1. Purpose of Monitoring

Monitoring is the most critical part of operations and the entire product lifecycle. It aims to provide early warnings before failures, help locate problems during incidents, and supply data for post‑mortem analysis.

It serves both technical teams (understanding environment status) and business teams (ensuring continuous service). The core objectives are:

24×7 real‑time monitoring

Timely feedback of system status

Guarantee platform stability

Ensure service safety and reliability

Support continuous business operation

2. Monitoring Modes

Monitoring can be divided from top to bottom into:

Business monitoring – predefined business metrics, growth rate, error rate, etc.

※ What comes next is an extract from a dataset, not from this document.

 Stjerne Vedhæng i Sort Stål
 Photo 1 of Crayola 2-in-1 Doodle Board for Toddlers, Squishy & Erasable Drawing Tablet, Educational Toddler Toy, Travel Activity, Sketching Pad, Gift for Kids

Application monitoring – probes (external checks) and introspection (internal metrics).

Operating‑system monitoring – CPU, load, memory, disk usage, etc.

3. Monitoring Methods

The main methods are:

Health checks : verify whether a service is alive.

Log analysis : use logs to locate and solve problems.

Tracing (call‑chain monitoring) : capture the full request path and latency.

Metric monitoring : collect time‑series data for trend analysis and alerting.

Health checks are usually provided by cloud platforms, logs are collected by a log center, tracing has dedicated solutions (e.g., SkyWalking, Elastic APM), and metrics are gathered by exporters and processed by Prometheus.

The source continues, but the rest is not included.